Couple happy planners nix spoils inside dike

 

Photo courtesy of Jerry and Shirley Rheault

Erosion eats away property at 98 E. Sunny Sands Road. The 30-year-old willow trees' roots are exposed, and they are about to fall into the river. The white pipes are drainage pipes that used to run underground.

To The Eagle:

We want to thank the Wahkiakum County Planning Commission for standing with the community in their February 26 vote to reject the Port of Longview's proposal to dispose dredge material inside the dike of East Sunny Sands Road. The proposal was vague in long term management while wanting to begin in September. But the most important failure in the proposal is that it would by-pass the necessary replenishment of sands onto the beaches of Puget Island.

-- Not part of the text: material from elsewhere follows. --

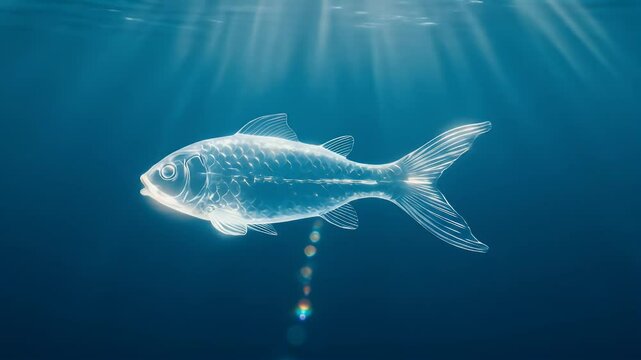 The Fish Swimming in a world of light and shadow.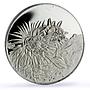 Turks and Caicos Is. 20 crowns Chrysanthemum Flower Flora proof silver coin 1999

This was the community's vital concern that this proposal neglected to first replenish the sands onto the eroding beaches on Puget Island, erosion caused by the flow of the Columbia River, the waves generated by the shipping traffic, and the act of dredging itself. (As the river is dredged the sides erode even faster.)

Many decades ago the U.S. Army Corps of Engineers agreed to "perpetually" replenish the eroding beaches every five years. The last time the entire stretch of beach on Pancake Point was replenished was sometime in the 1980's. The beach is long past a replenishment treatment. The concern is that once they begin dredging in front of Pancake Point, take the dredging across Sunny Sands Road and dump it inside the dike on 90+ acres of pristine pasture land, it will by-pass any future hope of getting our beaches replenished ever again.

What is the benefit for sand inside the dike when it's not being used to replenish the beaches? Wahkiakum County and its residents get only negatives. The county loses assessed values of eroding beach front properties; septic systems will be threatened of failing; the county will have to maintain the pipeline over Sunny Sands Road; there will be a cost to move power lines in the area of the deposit site; the county loses assessed values of the pasture for a sand pile, and the county faces litigation when homes are threatened of falling into the Columbia River. The county doesn't even get the use of the sand; the state Department of Natural Resources will own it.

Now that the county has rejected the proposal, they have leverage to include specific stipulations, foremost is the replenishment of beaches before any sand goes inside the dike, as well as for all costs incurred by the county.